DATA EXCERPTS:
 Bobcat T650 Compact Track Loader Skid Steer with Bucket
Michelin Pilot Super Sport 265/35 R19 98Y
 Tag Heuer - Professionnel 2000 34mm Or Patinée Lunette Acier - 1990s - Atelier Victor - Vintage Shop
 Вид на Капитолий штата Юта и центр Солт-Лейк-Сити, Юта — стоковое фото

---

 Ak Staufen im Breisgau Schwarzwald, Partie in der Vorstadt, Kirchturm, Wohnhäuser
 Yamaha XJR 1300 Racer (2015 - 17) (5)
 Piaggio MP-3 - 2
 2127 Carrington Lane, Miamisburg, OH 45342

WORK TO BE COMPLETED: In the listing above, find the line with "Bobcat T650 Compact" and the line with "Вид на Капитолий", then print exactly those lines and every line between them.

SOLUTION FOR THIS PROBLEM:
 Bobcat T650 Compact Track Loader Skid Steer with Bucket
Michelin Pilot Super Sport 265/35 R19 98Y
 Tag Heuer - Professionnel 2000 34mm Or Patinée Lunette Acier - 1990s - Atelier Victor - Vintage Shop
 Вид на Капитолий штата Юта и центр Солт-Лейк-Сити, Юта — стоковое фото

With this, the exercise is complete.